Sounding Out with the OLPC XO
My machine runs the ALSA sound system in version 1.0.14. Running dmesg reports that the ALSA device list consists of the CS5535 audio hardware at base address 0x1480 on IRQ5, and modinfo reports that the cs5535audio driver includes only one significant option, a workaround for certain faulty AC97 implementations.
Under normal circumstances, ALSA is completely transparent to the user. Activities (that is, the XO's programs) access the kernel sound services with no intervention from the user, and sound pours forth from the speakers. The expected ALSA utilities are all available from the command prompt, though only to the root user. Alsamixer correctly identifies the CS5535 as the sound card and the AD1888 as the audio chipset, and the range of mixer controls is impressive, particularly with regard to the surround sound capabilities of the AC97. Given this transparency, there isn't much else to add regarding ALSA on the XO. However, readers who want to know more details about the CS5535 audio driver should read the papers by Jaya Kumar, developer of the cs5535audio driver (see Resources for links to his presentations at the Linux Audio Conference 2007 and at FOSS/India 2006).

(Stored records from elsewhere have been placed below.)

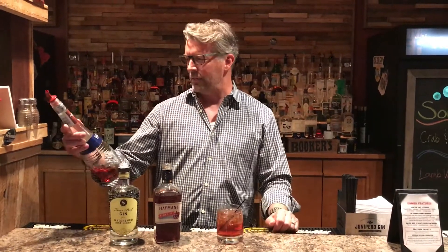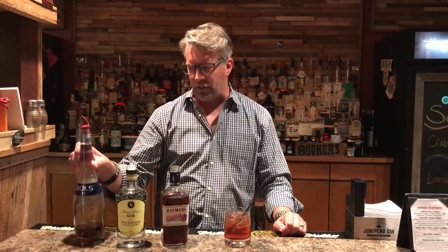Chef John, who's helping me out today, likes that. Go Browns — Buckeyes. And then three quarters of an ounce of amaretto. That just gives it a little bit of a nutty flavor, which is super cool.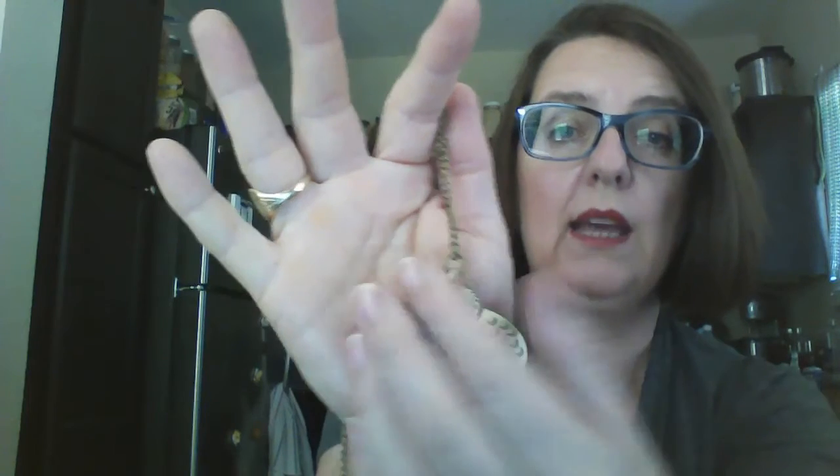Let's get that set. His wings will stay in this position, so if you want to wear him open you can, or you can just close him and he can be this really, really cute pendant you're wearing.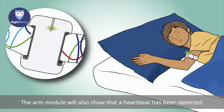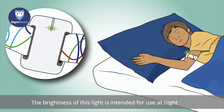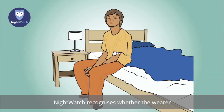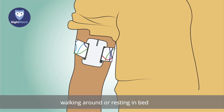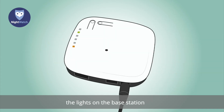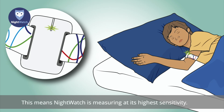The arm module will also show that a heartbeat has been detected — a green light will be visible on the white side of the arm module. The brightness of this light is intended for use at night and will only be visible properly in dark surroundings. Nightwatch recognises whether the wearer is sitting upright, walking around, or resting in bed, and adjusts its sensitivity accordingly. Once the wearer has been at rest for a while, the lights on the base station and the white side of the arm module will light up continuously, meaning Nightwatch is measuring at its highest sensitivity.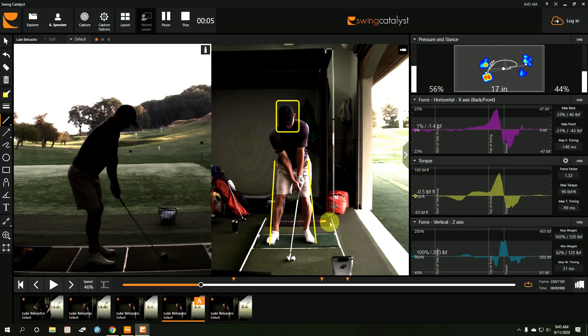My name is Kevin Sprecher. I'm the Director of Instruction at Sleepy Hollow Country Club in New York. I'm a Swing Catalyst ambassador, and I've been using this system for several years. It's an invaluable tool because it shows me things that I can't see on video.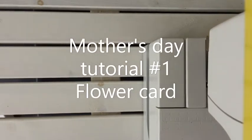Hi, welcome everyone. This is going to be the first Mother's Day tutorial. Today you'll learn how to make a beautiful flower card on which you can write a nice or lovely message to your mother.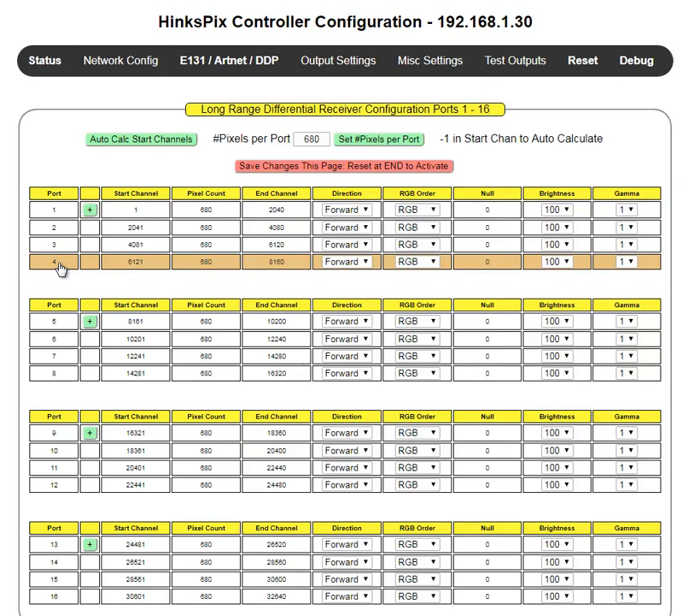Another terminology I'm going to use is the word 'port.' I'm using 'port' to specify the Euro connector — the green Euro connector — that you're physically going to attach a pixel string to. So if you were just using a dumb long-range receiver at the end of the CAT-5, you would have four Euro connectors labeled 1 through 4, associated with streams 1 through 4 on that CAT-5.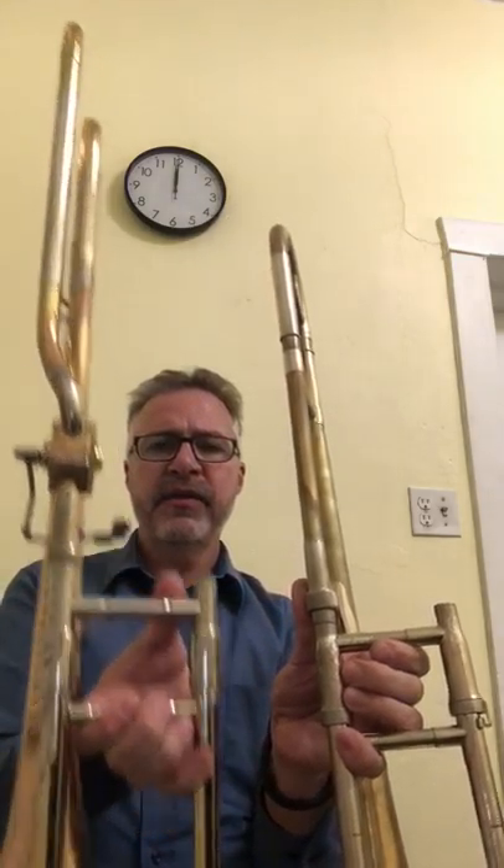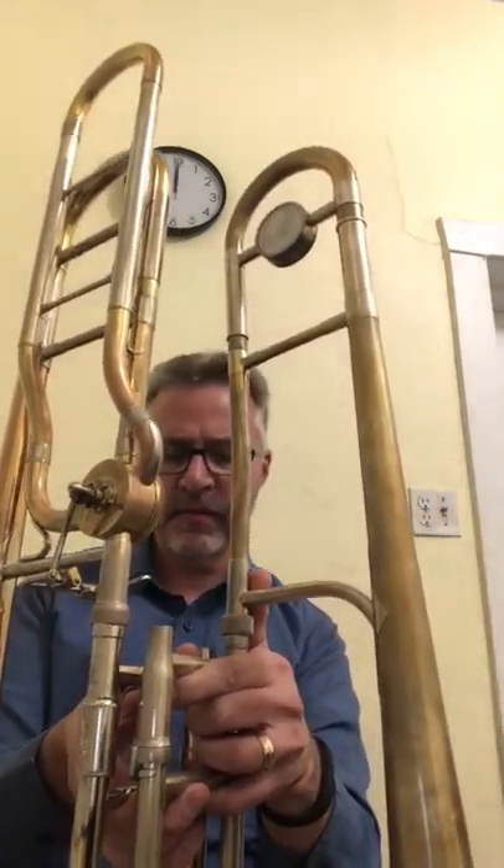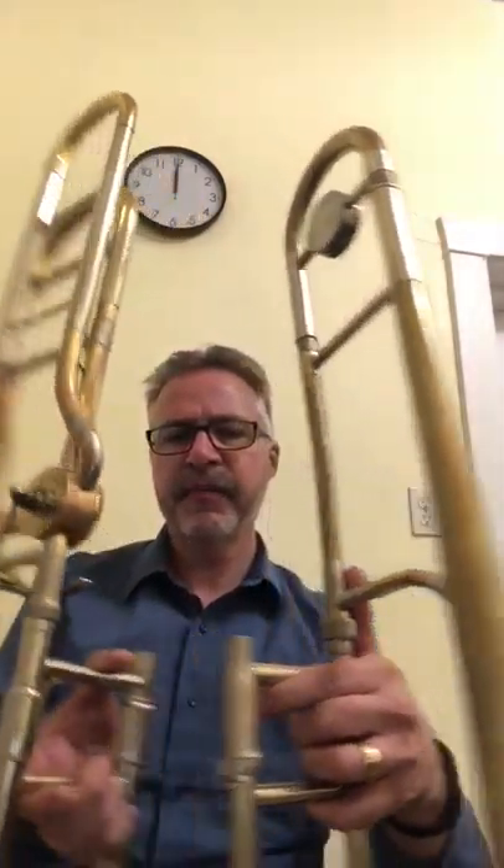Here's a smaller bore trombone — this is a King 3b. If you compare these two side by side, you can see that the slide on the large bore is a lot bigger. You can really tell that this one is a lot wider. The other difference is the bells — the King 3b doesn't have a small bell, but if you compare them side by side you can see that the large bore trombone has a much bigger bell. On my iPhone it's distorting how big the bells actually are, but the small bore trombone only has a small shank adapter.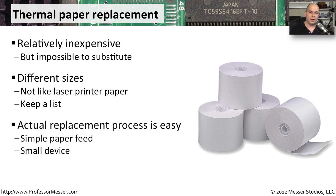The actual replacement process for removing the existing used roll and placing a new one in is relatively easy. There's a simple paper feed inside of the thermal printer, and as you've seen, there's not a lot of moving parts. As long as it's able to pull the paper through the printer, you've simply replaced that particular roll and can continue printing receipts and other things on that thermal printer.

The XO is designed for the explorative mind. With regard to basic sound, the default system provides activities for simple audio recording and playback in various formats. However, the system's real audio attractions are found in the TamTam activities.
TamTam is a suite of four programs designed for exploring and experimenting with sound and music creation. At first glance, they may seem to be attractive toys, but I can verify that these applications are powerful enough to keep experienced musicians busy with their possibilities. The TamTam designers have created a unique blend of Python and Csound and presented the concoction to the user in an interface that completely conceals its technical foundations. The GUIs are easy to comprehend, and users need no knowledge of Csound or Python or even music to start composing, jamming and making their own sounds.
Alas, there isn't space in this article to describe each program in the suite fully, so I present each application briefly and advise interested readers to listen to the XO audio demos I've posted at linux-sound.org (see Resources).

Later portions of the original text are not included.